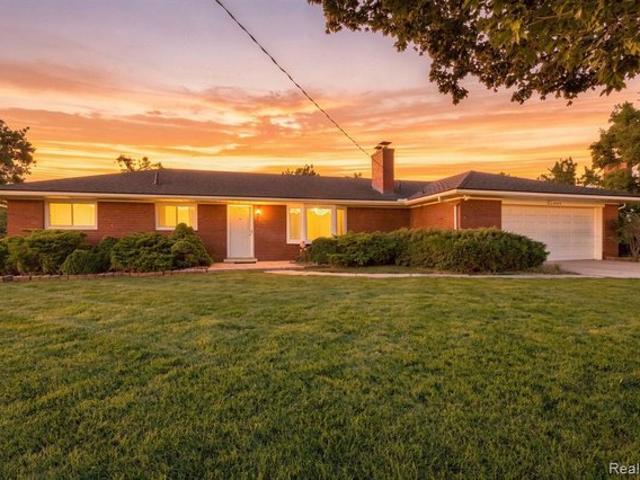 House for sale in Grosse Ile, Michigan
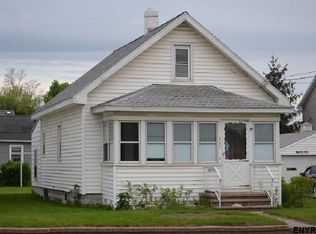 225 Mariaville Rd, Schenectady, NY 12306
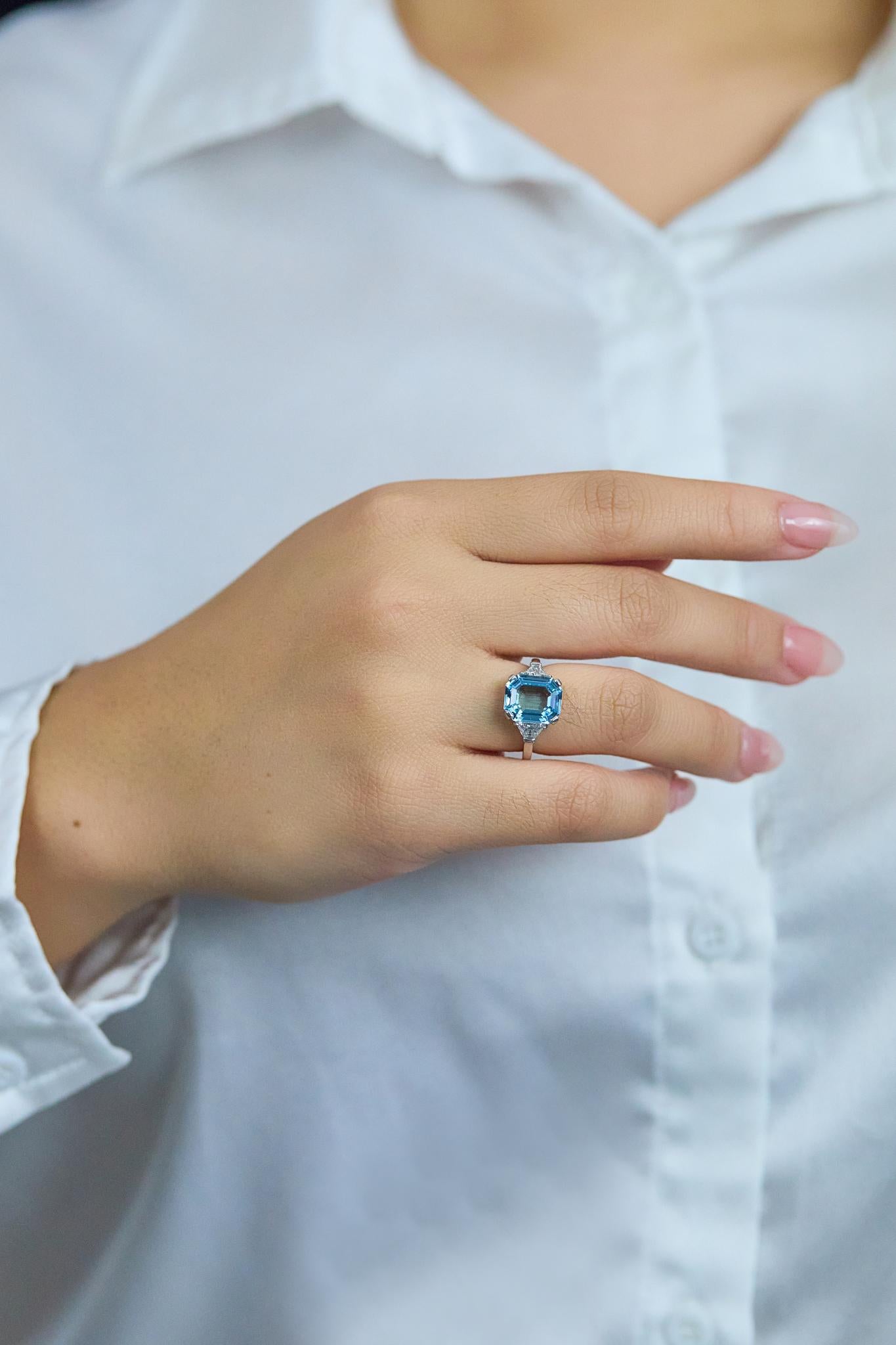 Roman Malakov 3,84 Karat Aquamarin im Smaragdschliff und Diamant-Verlobungsring im Angebot 1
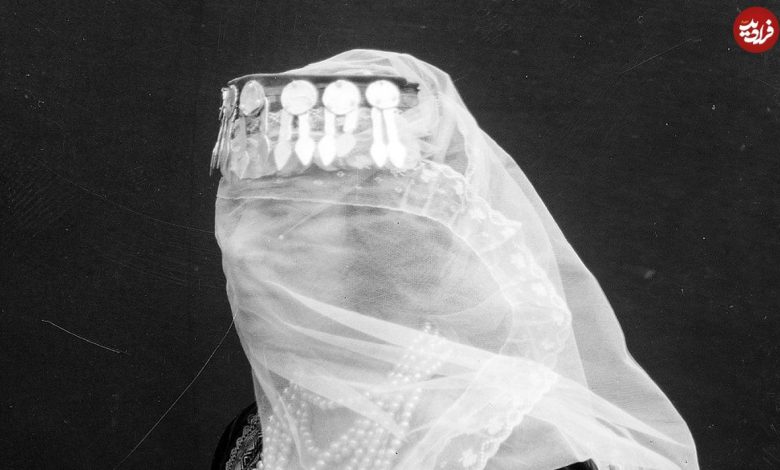 تصاویر؛ سفر به عصر قاجار؛ از «دخترانی با آسیاب» تا «یک پرترۀ خاص» تصاویر؛ سفر به عصر قاجار؛ از «دخترانی با آسیاب» تا «یک پرترۀ خاص»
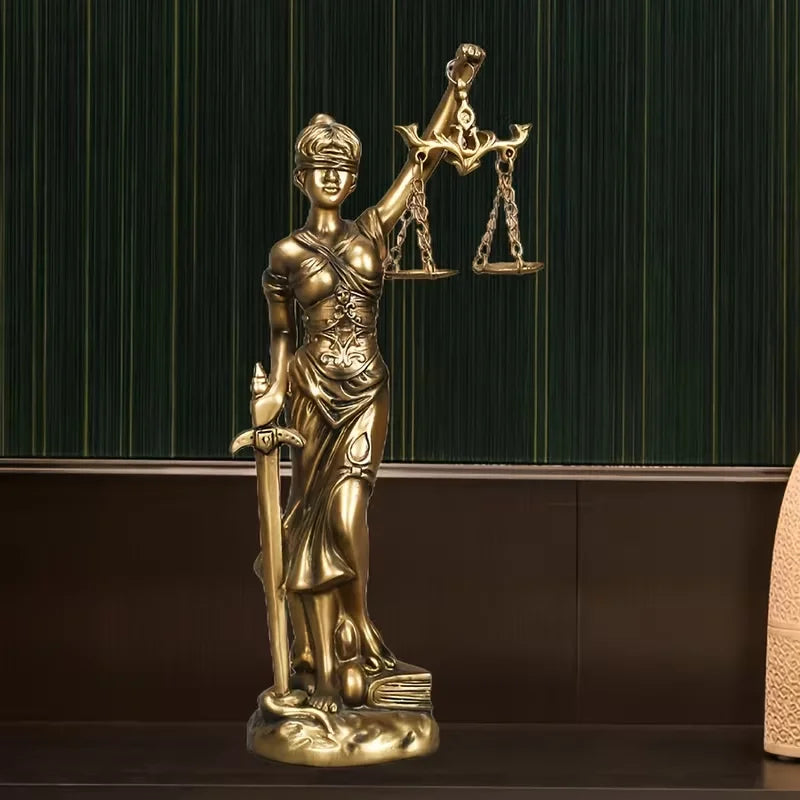 Estátua da Deusa da Justiça — Escultura Decorativa em Resina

Assignment>
Each line from the one bearing "Roman Malakov 3,84" through the final line of the records is to be copied exactly, and no pictures are to be included.

Written response>
 Roman Malakov 3,84 Karat Aquamarin im Smaragdschliff und Diamant-Verlobungsring im Angebot 1
 تصاویر؛ سفر به عصر قاجار؛ از «دخترانی با آسیاب» تا «یک پرترۀ خاص» تصاویر؛ سفر به عصر قاجار؛ از «دخترانی با آسیاب» تا «یک پرترۀ خاص»
 Estátua da Deusa da Justiça — Escultura Decorativa em Resina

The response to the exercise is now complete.